Artificial grammar learning paradigms may offer a potential solution to the problem of uncovering linguistic universals (Nevins, 2009). In an artificial grammar learning paradigm, researchers can control for factors that are otherwise uncontrollable (Finley & Badecker, 2008; Guest, Dell, & Cole, 2000). It is possible to compare minimally different languages that are believed to follow universal tendencies with languages that are not believed to follow such tendencies. The present paper presents evidence that typological tendencies in phonology are related to learning biases. Specifically, I address the role of phonetic naturalness in phonological patterns. Phonological patterns are derived from systematic rules (or constraints) that govern the distribution of sounds and sound sequences.

While both phonetically grounded and phonetically ungrounded patterns exist in natural language (Anderson, 1981), there are proposed universal tendencies for phonological patterns. Because languages (specifically English) do not make use of all phonological patterns, it is possible to expose naïve (English speaking) participants to novel phonological patterns and test whether such participants are more likely to learn the pattern that follows a proposed universal tendency. Even in an artificial setting, assessing the potential advantage of learning a phonetically natural pattern is difficult because phonetic naturalness and complexity are often conflated. Further, different phonological patterns may be learned at different rates independently of phonetic naturalness (e.g., based on regularity or frequency of occurrence in a given language). The present study works around these challenges by comparing the learnability of natural and unnatural variants of a single phonological process (round vowel harmony). Vowel harmony is a phonological pattern in which vowels must share the same value of a phonological feature (e.g., backness, round). In Turkish1, which has back and round harmony, the back and round features of the stem vowel determine the back and round features of suffix vowels (e.g., [pul-un] ‘stamp’, [ip-in] ‘rope’) (Clements & Sezer, 1982).

For the purpose of this paper, the term ‘source triggers’ refers to vowels that initiate a harmonic domain, while ‘target undergoers’ refers to vowels that undergo harmony. The term ‘participating vowel’ refers to any vowel that undergoes or initiates harmony, while ‘non-participating vowel’ refers to any vowel that is neither a source trigger or a target undergoer for harmony.

There are several possible universal factors that influence whether vowel harmony applies, including inventory constraints, coarticulation and perceptual prominence (Kaun, 2004; Korn, 1969; Suomi, 1983; Walker, 2005). For example, cross-linguistic studies of round harmony have shown that the vowels that receive the greatest perceptual benefit from harmony are most likely to be source triggers for round harmony (Suomi, 1983; Walker, 2005)2. Round harmony increases the perceptibility of the round feature (Kaun, 1995, 2004), which subsequently increases the likelihood that a round vowel will be accurately identified as round. The impact of this increase in perceptibility of rounding varies depending on the height of the harmony source trigger. Mid vowels tend to show a greater perceptual benefit for vowel harmony compared to high vowels (Terbeek, 1977).

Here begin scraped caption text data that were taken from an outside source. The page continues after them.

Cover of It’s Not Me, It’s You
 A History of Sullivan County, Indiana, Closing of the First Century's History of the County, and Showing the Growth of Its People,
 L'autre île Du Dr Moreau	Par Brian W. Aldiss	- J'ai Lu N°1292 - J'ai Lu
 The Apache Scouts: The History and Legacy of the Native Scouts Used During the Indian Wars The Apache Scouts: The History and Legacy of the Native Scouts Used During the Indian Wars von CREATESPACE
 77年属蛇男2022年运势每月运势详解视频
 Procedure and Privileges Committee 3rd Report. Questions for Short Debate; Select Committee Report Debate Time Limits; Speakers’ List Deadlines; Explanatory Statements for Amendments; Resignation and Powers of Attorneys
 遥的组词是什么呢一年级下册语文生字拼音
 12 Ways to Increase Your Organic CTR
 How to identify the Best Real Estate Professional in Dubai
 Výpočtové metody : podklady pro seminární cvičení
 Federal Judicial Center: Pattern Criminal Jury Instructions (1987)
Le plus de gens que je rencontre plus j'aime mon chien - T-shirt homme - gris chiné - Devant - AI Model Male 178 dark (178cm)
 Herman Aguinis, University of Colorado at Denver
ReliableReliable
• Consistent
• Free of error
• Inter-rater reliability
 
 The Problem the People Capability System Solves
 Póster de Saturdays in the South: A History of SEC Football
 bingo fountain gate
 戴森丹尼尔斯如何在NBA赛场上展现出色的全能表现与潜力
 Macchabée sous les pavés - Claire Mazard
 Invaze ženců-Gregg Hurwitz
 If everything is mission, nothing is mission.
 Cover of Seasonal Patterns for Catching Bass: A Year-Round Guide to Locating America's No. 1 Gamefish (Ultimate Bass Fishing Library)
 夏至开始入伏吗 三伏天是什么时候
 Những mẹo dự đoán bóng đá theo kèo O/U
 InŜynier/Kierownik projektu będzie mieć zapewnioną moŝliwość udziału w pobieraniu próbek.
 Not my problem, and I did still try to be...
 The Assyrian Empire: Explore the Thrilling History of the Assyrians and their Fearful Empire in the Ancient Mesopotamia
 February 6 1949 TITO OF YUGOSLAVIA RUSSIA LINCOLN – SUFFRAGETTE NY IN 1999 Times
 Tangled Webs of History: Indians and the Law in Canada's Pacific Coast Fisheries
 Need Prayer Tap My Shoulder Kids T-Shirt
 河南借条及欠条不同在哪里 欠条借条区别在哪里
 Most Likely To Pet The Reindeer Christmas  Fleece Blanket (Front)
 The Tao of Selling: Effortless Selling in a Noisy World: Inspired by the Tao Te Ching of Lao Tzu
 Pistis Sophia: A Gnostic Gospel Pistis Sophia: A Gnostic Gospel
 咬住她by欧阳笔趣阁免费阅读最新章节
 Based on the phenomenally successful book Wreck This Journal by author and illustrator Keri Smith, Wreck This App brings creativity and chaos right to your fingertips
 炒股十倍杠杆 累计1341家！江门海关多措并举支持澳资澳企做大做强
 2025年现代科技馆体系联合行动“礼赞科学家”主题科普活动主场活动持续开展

The preference for mid over high vowels as source triggers for round harmony may also reflect the fact that it is easier to identify the round feature for high vowels compared to mid vowels (Kaun, 1995). Thus, mid vowels receive more perceptual benefit from harmony than high vowels. Using multidimensional scaling, Terbeek (1977) created a continuum of the perceptibility of the round feature. In this continuum, high and back vowels are most likely to be perceived as round, while mid and front vowels are less likely to be perceived as round. In addition, Linker (1982) created a rounding continuum that was based on articulatory measurements (horizontal opening and lip opening) in several languages (including English). Linker demonstrated that high vowels are produced as more ‘canonically round’ than mid vowels. These facts help explain the typological asymmetry explored by Kaun (1995) and Korn (1969); mid vowels are less likely to be restricted as harmony source triggers than high vowels.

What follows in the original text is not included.